Sunday, January 26, 2020

Leaning tower of snow



     Yesterday was busy with so many things that weren't this blog, I don't know where to begin and, frankly, don't want to.
     I did walk the dog, leading to the photo above, which seemed to update the snow tower rhapsodized in yesterday's post. Saturday morning's alarming list to starboard, from my perspective, seemed almost a physical impossibility. Pliant stuff, snow. Plastic and malleable.
     I was right. By the afternoon, the top two spheres had toppled, but there was some good news. My wife took Kitty out (one benefit of the hip surgery has been to diffuse dog-walking duties, which used to be my exclusive responsibility.
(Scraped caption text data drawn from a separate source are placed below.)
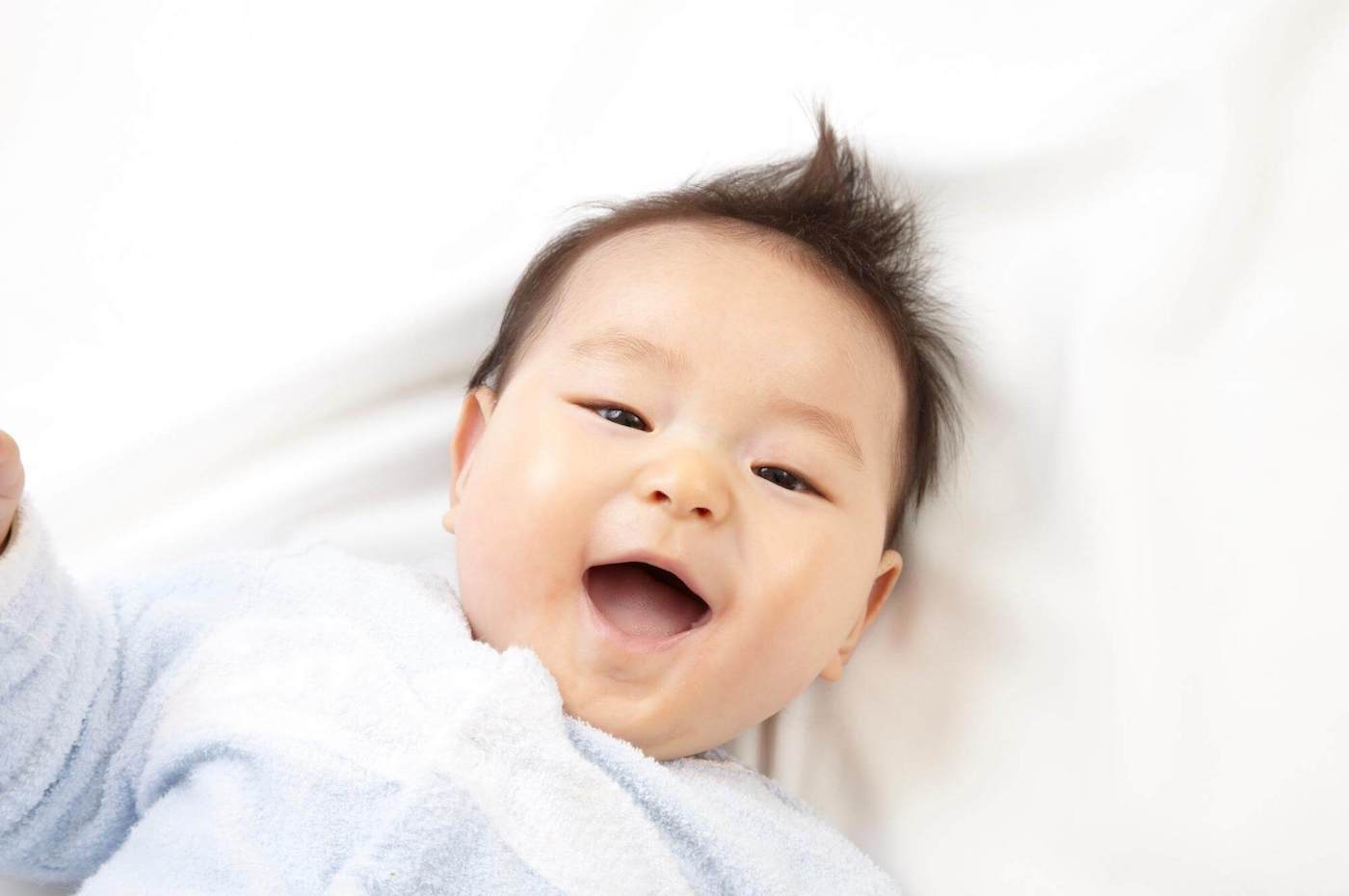 smiling baby boy fluffy hair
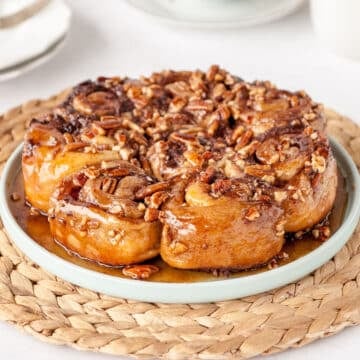 close up of sticky buns on a blue plate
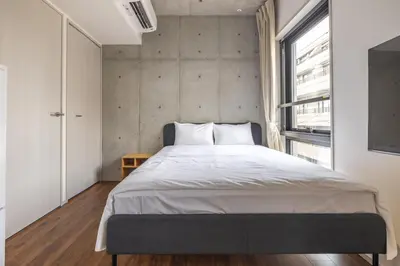 a bedroom with a large bed and a window at 67 Apt Kagurazaka Premium in Tokyo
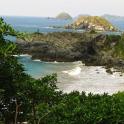a view of a beach with rocks and the ocean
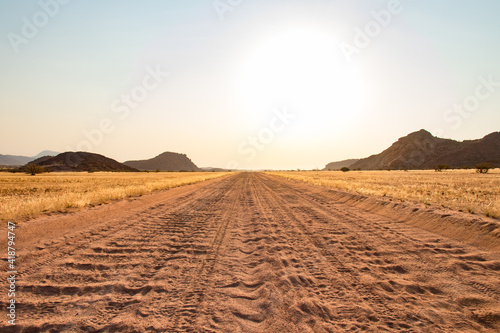 Road trip in Damaraland  Namibia - close up of a washboard gravel sand road in Namibia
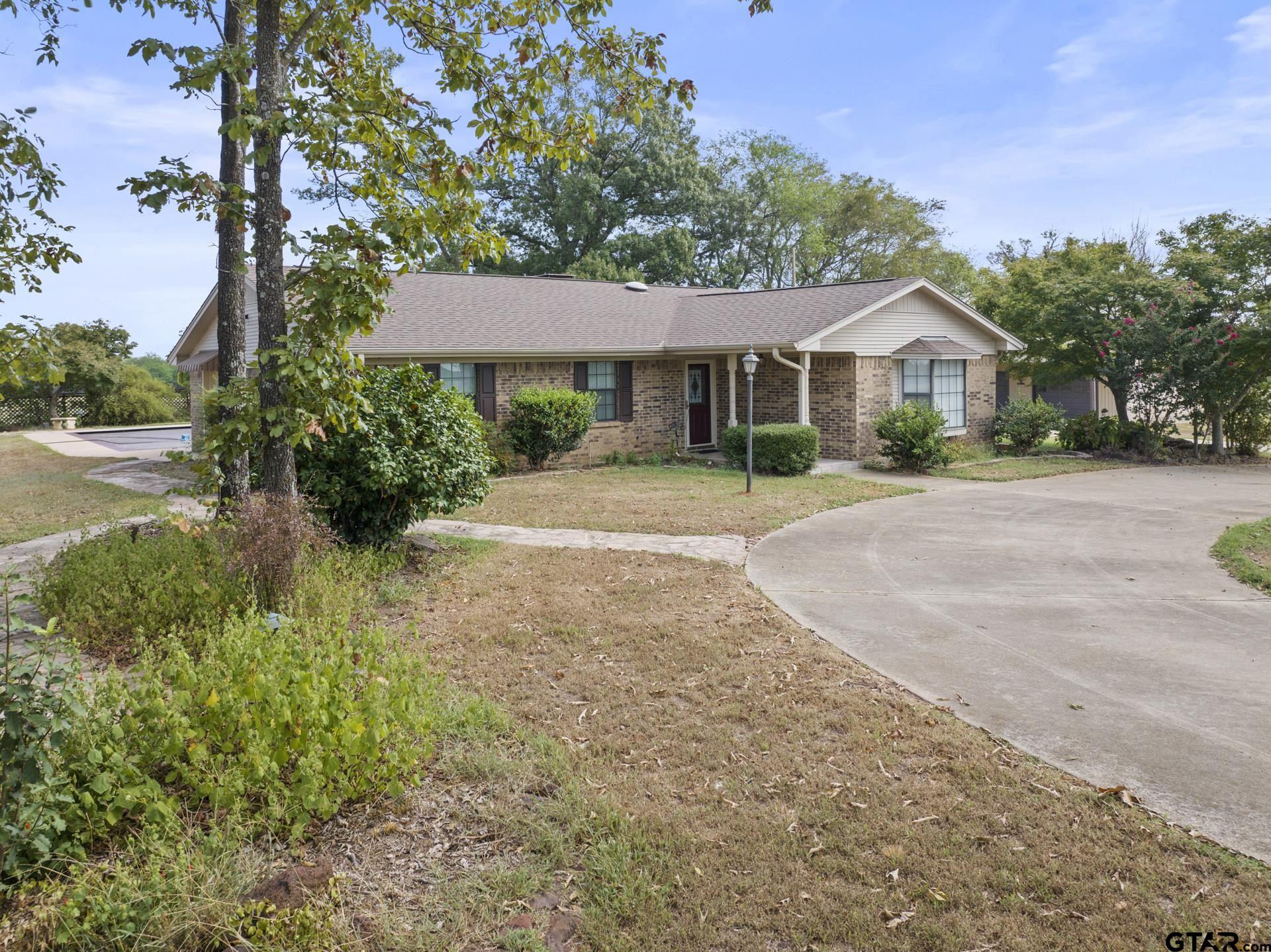 a front view of a house with a yard and potted plants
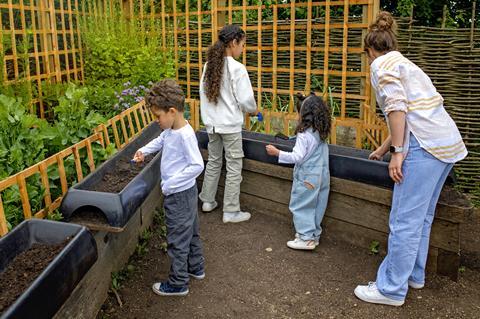 Three children and an adult woman dig through troughs of soil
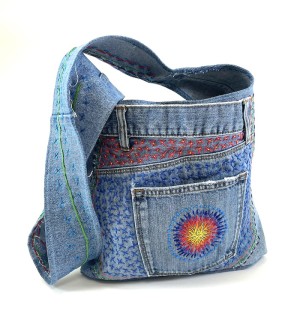 a blue jean fabric bag with hand embroidery.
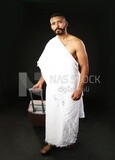 A man wearing an ihram dress with his luggage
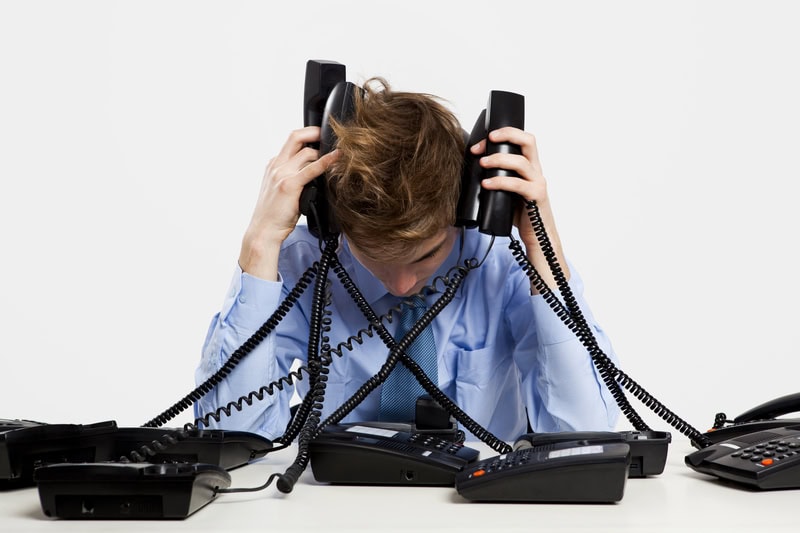 A man looking under pressure whilst managing too many phone calls.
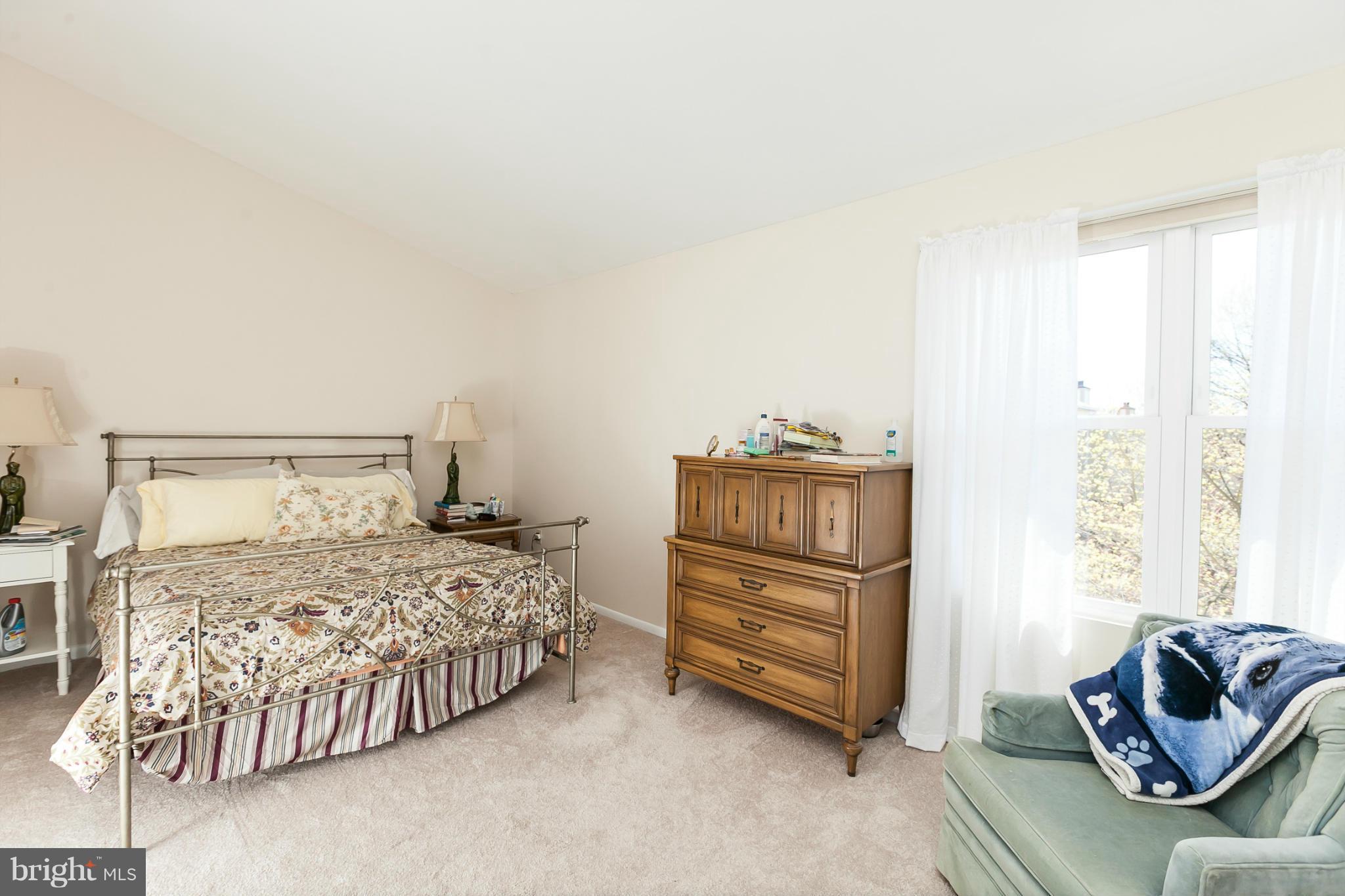 2846 Schoolhouse Circle Silver Spring, MD 20902 - Photo 16 of 28 a bedroom with a bed and a couch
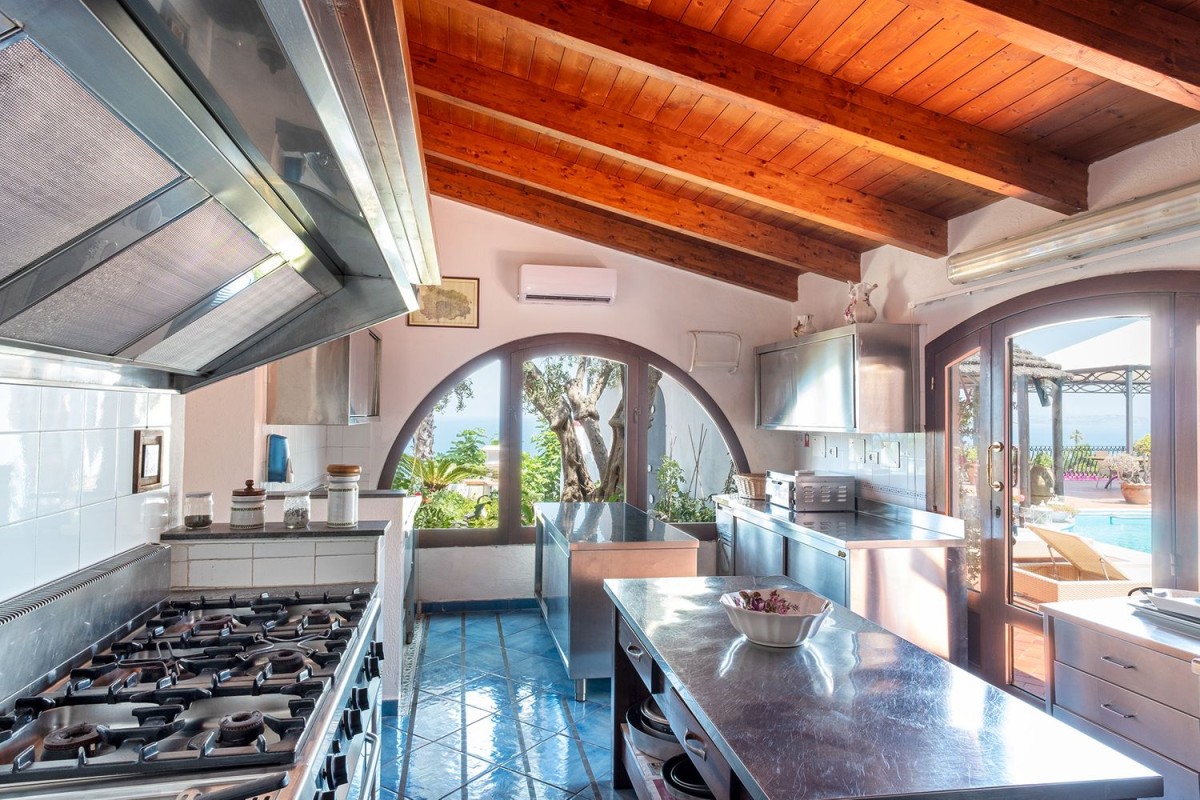 The kitchen is spacious and has terrace access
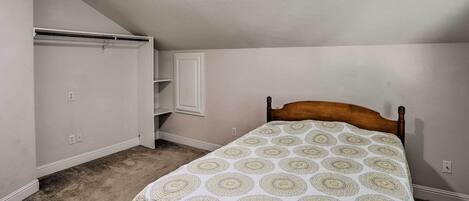 A bedroom with a bed, a closet, and a slanted ceiling.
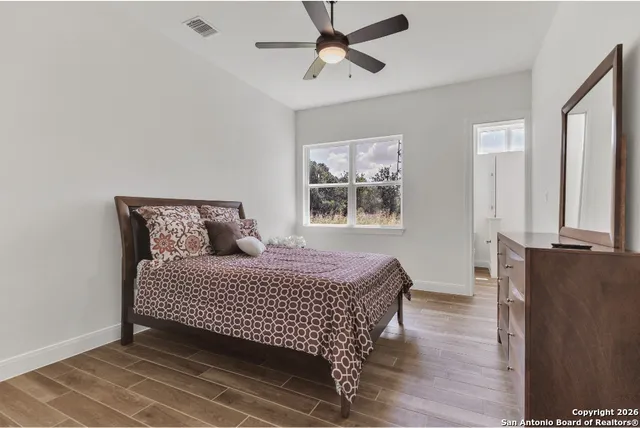 a bedroom with a bed and wooden floor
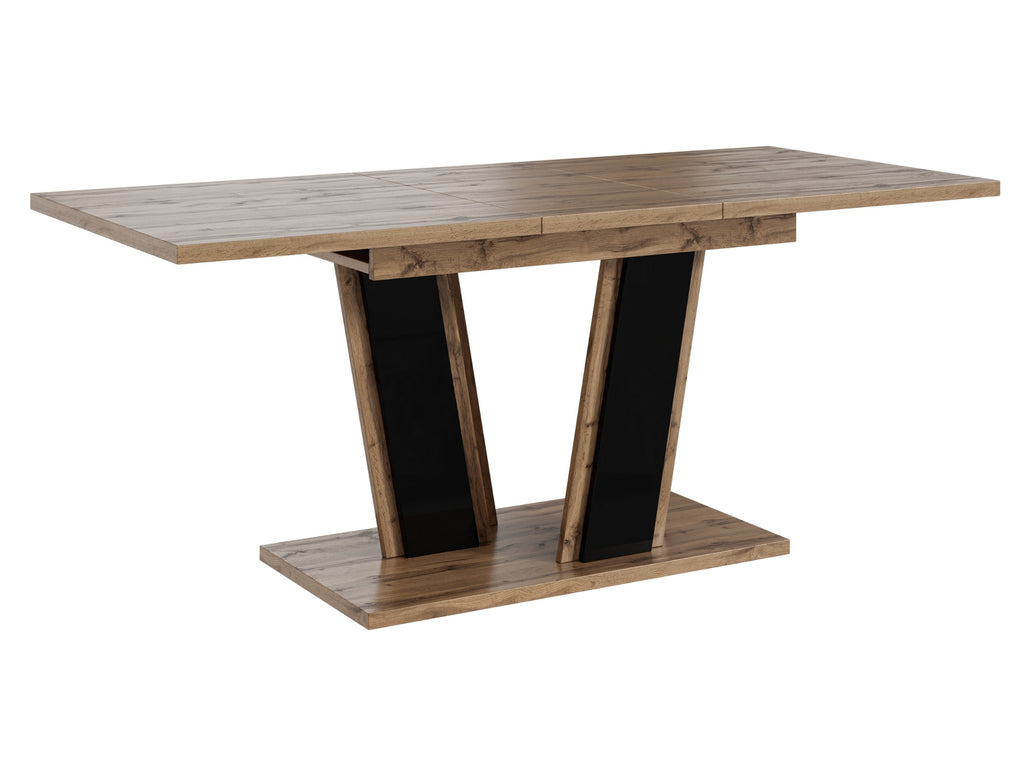 Contemporary dining table Muss with a natural wotan oak effect tabletop and contrasting black gloss pedestal base, compact extending design suitable for modern kitchens and dining rooms.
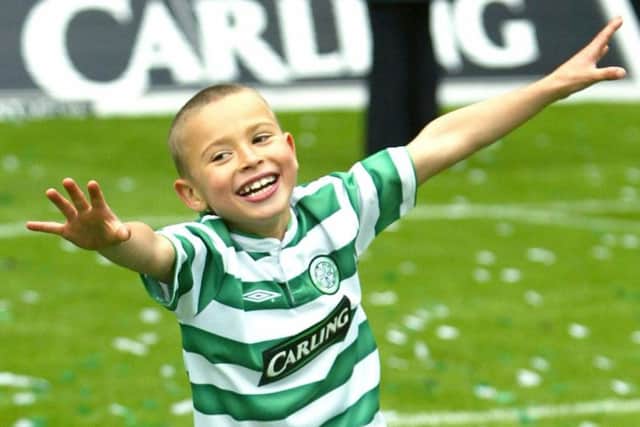 Jordan celebrating at Celtic Park in 2004 after his father helped Celtic clinch the league title. Picture: PA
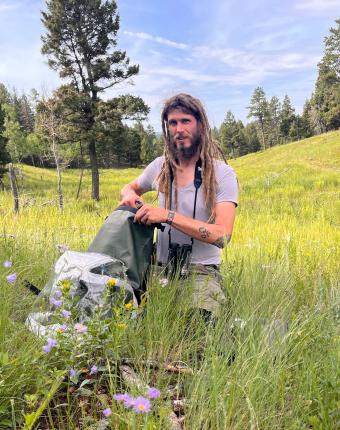 Bradley Harz in a field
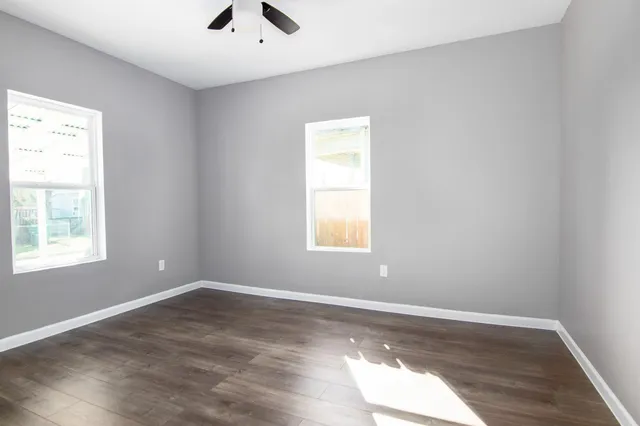 an empty room with wooden floor and windows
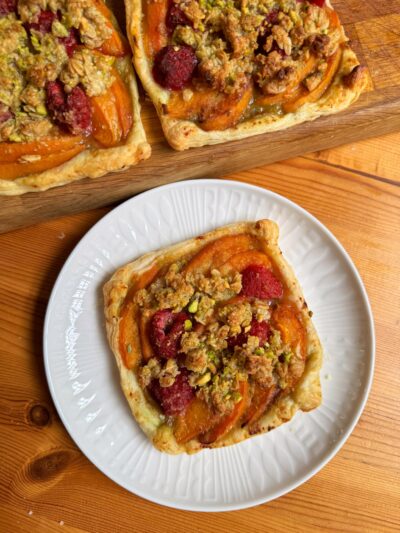 Apricot & Raspberry puffs with pistachio streusel topping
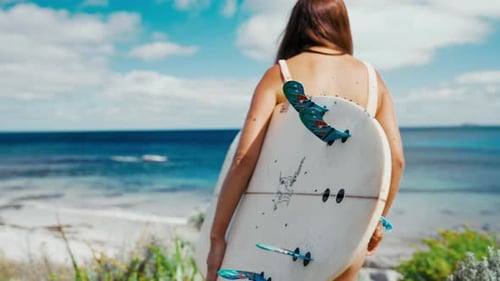 Surfer walks towards the ocean with a surfboard on a sunny day in a coastal area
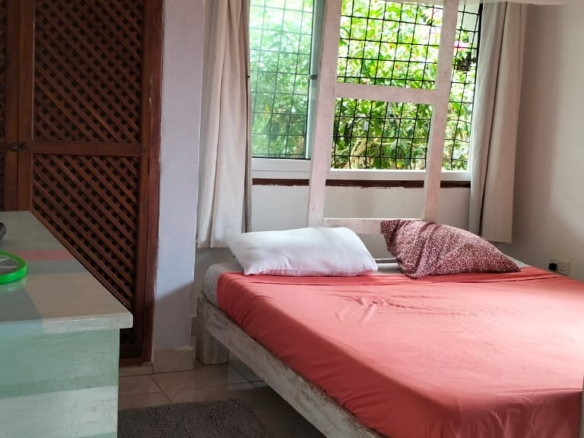 2-bedroom standalone villa on an eighth-acre plot for sale off Casuarina Road, featuring solid construction, serene surroundings, and expansion potential.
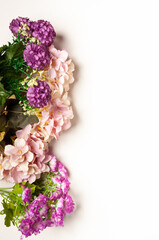 bouquet of pink flowers on the left side on a yellow background and a pink leaf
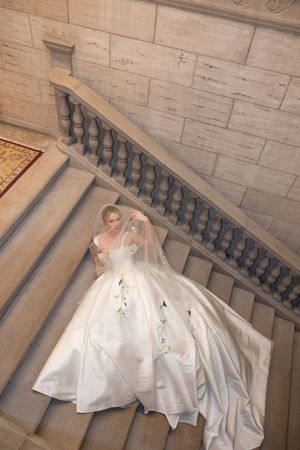 A stunning white wedding gown with a full skirt cascades down marble stairs beneath stone balustrades.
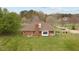 Back view of brick house with a large, well-manicured lawn and mature trees at 2563 Millbrook Dr, Haw River, NC 27258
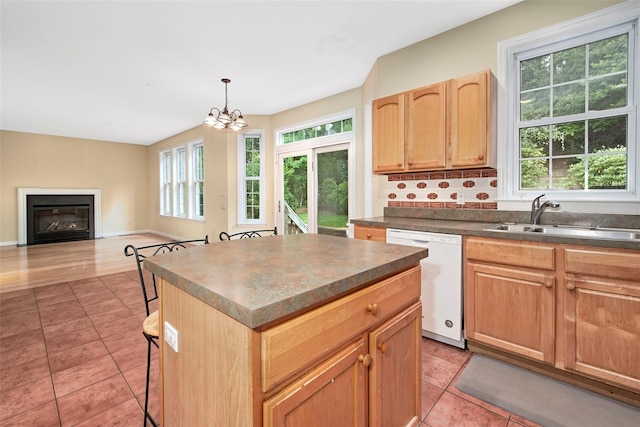 36 Bellefair Rd, Rye Brook, NY 10573 - kitchen with plenty of natural light, white dishwasher, light brown cabinetry, and light tile patterned floors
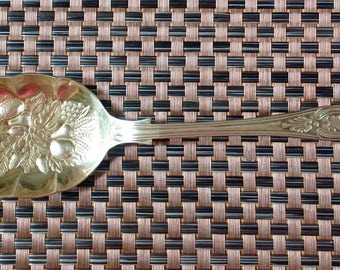 Vintage raised motif serving spoon EPNS A1 Sheffield England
I'm not sure how long that will last, and I don't really mind dog walking—it's both exercise and a bracing blast of normality—but I do like this whole sometimes-somebody-else-does-it business).
     Anyway, my wife encountered the home owner, shoveling his walk and, having read yesterday's post, inquired about the snow spire. He responded, "That's what happens when your nephews visit from Texas."
     He didn't elaborate, and she left the matter there, lacking the journalistic imperative to grill people. So we have to speculate whether the snow pylon represents Lone Star State ignorance of the conventions of snowman construction, or outsized Texan ambitions, or what. Perhaps just as well.
   

3 comments:

  1. That's amazingly funny on so many levels!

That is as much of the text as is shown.